(Brief descriptive captions)
──────────────────────────────
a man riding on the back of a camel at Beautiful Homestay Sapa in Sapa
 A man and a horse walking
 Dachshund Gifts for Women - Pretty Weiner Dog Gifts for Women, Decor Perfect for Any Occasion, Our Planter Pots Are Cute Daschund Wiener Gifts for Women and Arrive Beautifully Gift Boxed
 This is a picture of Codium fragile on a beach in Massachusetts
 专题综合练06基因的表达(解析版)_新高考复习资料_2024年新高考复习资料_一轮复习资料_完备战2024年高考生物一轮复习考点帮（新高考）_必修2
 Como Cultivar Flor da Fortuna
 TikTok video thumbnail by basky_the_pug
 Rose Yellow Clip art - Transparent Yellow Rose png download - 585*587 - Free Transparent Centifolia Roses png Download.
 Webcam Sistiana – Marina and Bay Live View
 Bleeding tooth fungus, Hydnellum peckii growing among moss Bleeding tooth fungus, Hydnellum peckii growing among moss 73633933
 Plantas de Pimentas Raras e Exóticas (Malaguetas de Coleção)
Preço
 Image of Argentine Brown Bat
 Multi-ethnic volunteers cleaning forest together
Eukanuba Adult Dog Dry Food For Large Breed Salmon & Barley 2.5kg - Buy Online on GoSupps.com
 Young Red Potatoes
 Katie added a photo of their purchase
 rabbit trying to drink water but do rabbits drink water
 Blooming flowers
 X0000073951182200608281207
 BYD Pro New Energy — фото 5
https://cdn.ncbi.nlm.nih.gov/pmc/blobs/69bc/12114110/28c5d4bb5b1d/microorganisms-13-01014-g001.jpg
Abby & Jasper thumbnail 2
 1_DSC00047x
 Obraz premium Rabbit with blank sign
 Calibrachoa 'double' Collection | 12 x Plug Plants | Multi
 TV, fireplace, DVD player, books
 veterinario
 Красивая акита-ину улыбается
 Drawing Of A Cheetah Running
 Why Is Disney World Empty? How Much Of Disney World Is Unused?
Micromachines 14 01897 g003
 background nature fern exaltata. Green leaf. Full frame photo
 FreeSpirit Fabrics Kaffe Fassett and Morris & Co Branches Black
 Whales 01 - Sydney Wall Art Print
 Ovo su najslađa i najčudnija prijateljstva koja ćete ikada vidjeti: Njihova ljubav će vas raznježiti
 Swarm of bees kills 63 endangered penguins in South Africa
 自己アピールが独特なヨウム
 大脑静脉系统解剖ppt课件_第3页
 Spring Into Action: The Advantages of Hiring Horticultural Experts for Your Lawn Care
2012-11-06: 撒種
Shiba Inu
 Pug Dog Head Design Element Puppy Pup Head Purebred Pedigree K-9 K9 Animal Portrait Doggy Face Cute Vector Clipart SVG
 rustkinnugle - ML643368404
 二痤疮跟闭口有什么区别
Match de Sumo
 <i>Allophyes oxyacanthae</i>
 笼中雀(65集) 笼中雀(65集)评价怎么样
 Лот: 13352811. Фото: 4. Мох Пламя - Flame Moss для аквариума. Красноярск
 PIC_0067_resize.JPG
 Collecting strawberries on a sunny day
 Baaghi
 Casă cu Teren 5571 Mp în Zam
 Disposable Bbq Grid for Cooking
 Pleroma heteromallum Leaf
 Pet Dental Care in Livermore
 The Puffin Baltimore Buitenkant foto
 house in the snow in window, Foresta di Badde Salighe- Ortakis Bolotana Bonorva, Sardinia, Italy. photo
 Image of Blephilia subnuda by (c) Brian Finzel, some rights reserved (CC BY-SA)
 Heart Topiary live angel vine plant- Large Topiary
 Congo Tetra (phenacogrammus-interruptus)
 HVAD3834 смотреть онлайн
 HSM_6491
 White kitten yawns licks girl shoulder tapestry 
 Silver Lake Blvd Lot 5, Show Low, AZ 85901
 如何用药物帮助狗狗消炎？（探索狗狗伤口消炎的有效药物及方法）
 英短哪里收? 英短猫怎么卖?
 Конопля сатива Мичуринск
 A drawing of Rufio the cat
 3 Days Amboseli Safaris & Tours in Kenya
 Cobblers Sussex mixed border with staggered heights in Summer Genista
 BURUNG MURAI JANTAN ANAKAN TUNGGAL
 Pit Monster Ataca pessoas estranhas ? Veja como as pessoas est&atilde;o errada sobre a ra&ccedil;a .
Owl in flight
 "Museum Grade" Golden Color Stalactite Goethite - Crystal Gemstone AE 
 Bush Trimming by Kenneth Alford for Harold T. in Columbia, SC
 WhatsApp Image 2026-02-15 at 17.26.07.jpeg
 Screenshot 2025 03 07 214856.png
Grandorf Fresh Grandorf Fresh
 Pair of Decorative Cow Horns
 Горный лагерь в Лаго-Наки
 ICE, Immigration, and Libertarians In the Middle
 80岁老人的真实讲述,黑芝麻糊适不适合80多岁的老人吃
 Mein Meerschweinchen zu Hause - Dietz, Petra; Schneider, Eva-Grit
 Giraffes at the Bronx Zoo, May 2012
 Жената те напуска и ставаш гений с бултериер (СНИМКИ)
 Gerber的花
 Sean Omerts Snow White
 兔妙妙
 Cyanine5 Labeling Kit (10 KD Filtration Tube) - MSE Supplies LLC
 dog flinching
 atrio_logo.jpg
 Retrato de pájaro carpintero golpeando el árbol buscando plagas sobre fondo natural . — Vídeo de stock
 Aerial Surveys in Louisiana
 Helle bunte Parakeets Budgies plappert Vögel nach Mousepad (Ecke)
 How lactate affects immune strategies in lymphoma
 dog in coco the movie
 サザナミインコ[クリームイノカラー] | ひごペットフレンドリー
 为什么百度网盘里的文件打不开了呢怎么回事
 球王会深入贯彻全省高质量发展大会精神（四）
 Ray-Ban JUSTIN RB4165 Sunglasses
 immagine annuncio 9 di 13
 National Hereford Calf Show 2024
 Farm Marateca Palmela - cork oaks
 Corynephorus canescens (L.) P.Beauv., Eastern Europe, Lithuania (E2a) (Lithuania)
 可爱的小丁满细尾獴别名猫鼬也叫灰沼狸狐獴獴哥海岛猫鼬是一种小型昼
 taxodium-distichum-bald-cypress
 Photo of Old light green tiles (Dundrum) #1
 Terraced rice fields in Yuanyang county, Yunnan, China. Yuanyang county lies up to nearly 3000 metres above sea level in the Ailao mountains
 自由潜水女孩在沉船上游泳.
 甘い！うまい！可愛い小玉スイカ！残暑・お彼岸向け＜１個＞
──────────────────────────────
**What is being asked**
Above are the records; from them, give again exactly the lines from the one containing "A drawing of Rufio the cat" to the one containing "Bush Trimming by", both lines included, and nothing more.

**Solution**
 A drawing of Rufio the cat
 3 Days Amboseli Safaris & Tours in Kenya
 Cobblers Sussex mixed border with staggered heights in Summer Genista
 BURUNG MURAI JANTAN ANAKAN TUNGGAL
 Pit Monster Ataca pessoas estranhas ? Veja como as pessoas est&atilde;o errada sobre a ra&ccedil;a .
Owl in flight
 "Museum Grade" Golden Color Stalactite Goethite - Crystal Gemstone AE 
 Bush Trimming by Kenneth Alford for Harold T. in Columbia, SC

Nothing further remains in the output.